Accurate and efficient monitoring of forest ecosystems at the individual-tree level is essential for assessing forest dynamics and biodiversity, and for estimating carbon stocks, particularly under changing climate conditions. Using RGB images readily obtained with Unmanned Aerial Vehicles (UAVs), cost-effective solutions for large-scale Individual Tree Crown (ITC) detection with Deep Learning (DL) approaches can be developed. This study presents a comparative analysis of two new versions of the You Only Look Once (YOLO) algorithm, YOLOv8n and YOLOv10n, for ITC detection in temperate forest environments using a publicly available high-resolution UAV RGB dataset obtained from Roboflow.
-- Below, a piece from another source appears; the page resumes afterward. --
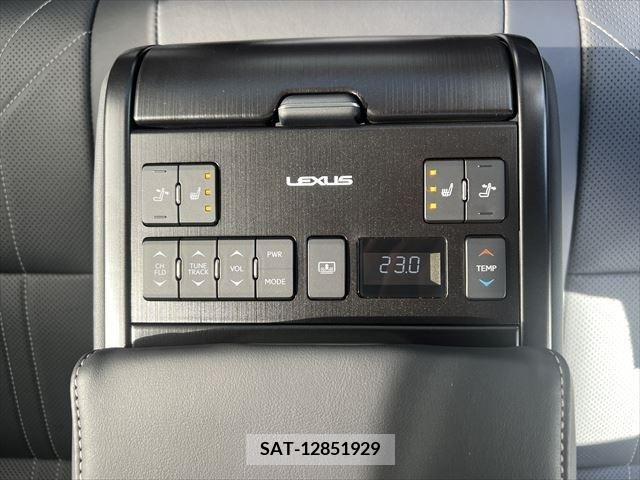 Lexus ES 2019-10 387845-17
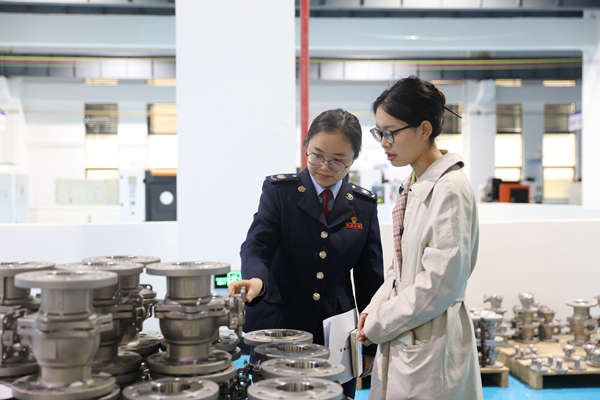 石柱縣稅務人員走進當?shù)毓I(yè)園區(qū)，了解生產情況，宣傳稅費優(yōu)惠政策。唐霖銳攝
We used a transfer-learning approach, fine-tuning pre-trained models on a dataset relabeled with a single 'Tree' class. The models were trained and evaluated using a T4 GPU in Google Colab; performance was assessed using standard object detection metrics, including mean Average Precision (mAP50, mAP50-95), precision, and recall. The results show that both models achieved high performance, effectively detecting individual tree crowns. YOLOv8n performed slightly superior with 0.913 mAP50 and 0.588 mAP50-95, compared to YOLOv10n's 0.902 mAP50 and 0.584 mAP50-95. Furthermore, YOLOv8n demonstrated significantly faster training times (2650.6 seconds versus 3322.5 seconds for YOLOv10n under the same conditions). Both models reached high F1-scores at their optimal confidence thresholds (0.85 for YOLOv8n and 0.84 for YOLOv10n), and inference benchmarking on an NVIDIA A100 GPU confirmed real-time speeds, with YOLOv8n reaching 87.0 FPS compared to 71.6 FPS for YOLOv10n. A canopy-density-stratified analysis further showed that detection performance was highest in medium- and high-density canopies (F1 up to 0.79) and lowest in sparse canopies. Qualitative analysis of true positive (TP), false positive (FP), and false negative (FN) predictions provides insights into model behavior in complex crown structures. This study demonstrates the high potential of current YOLO architectures for efficient and accurate ITC detection from UAV RGB imagery. It highlights the suitable balance between accuracy and computational efficiency of YOLOv8n for practical forestry applications.